The port stop comes against a brightening backdrop for Sino-American ties. Earlier this month, Washington and Beijing made progress on trade issues, initialing an agreement to control rampant copyright piracy in China and easing US objections to China's bid to join the new World Trade Organization.
Yet, Washington remains at odds with Beijing over Chinese human rights abuses and a range of military disputes, including international weapons sales, underground nuclear testing, and potential naval conflicts. Chinese analysts say the military has taken a more hard-line stance in recent months toward territorial disputes in the South China Sea and even in relations with the US.
Chinese miffed over past events
Chinese military officials were deeply angered by the 1993 diplomatic skirmish over a Chinese cargo vessel, which Washington alleged was carrying chemical weapons to Iran but, which eventually cleared an inspection.

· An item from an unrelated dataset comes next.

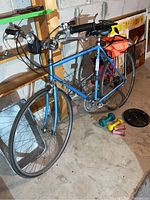 Full view of bicycle leaning against shelving showing frame, tires, handlebars, headlight, weights on floor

Then, six months ago, the US aircraft carrier Kitty Hawk and a Chinese nuclear submarine faced off in international waters off Qingdao, pulling back without confrontation but underscoring the dangers of two navies cruising in the Yellow Sea near the Korean peninsula.
''We need to keep working with China so that they can ... contribute to the future stability of the Asia-Pacific region,'' Adm. Richard Macke, US military commander in the Pacific, said on a visit this month to Singapore.
''As China moves into this political transition, the US wants a smooth relationship,'' says a Western diplomat. ''If the power balance is delicate, the US doesn't want to do anything to nudge it toward a more hard-line element.''
The Chinese military has come into sharper profile as the scramble for post-Deng power among Communist Party leaders is under way. During the closing of the usually rubber-stamp Chinese parliament late last week, President Jiang Zemin was humiliated when a large group of deputies withheld support for two candidates for top posts and key legislation on education and banking.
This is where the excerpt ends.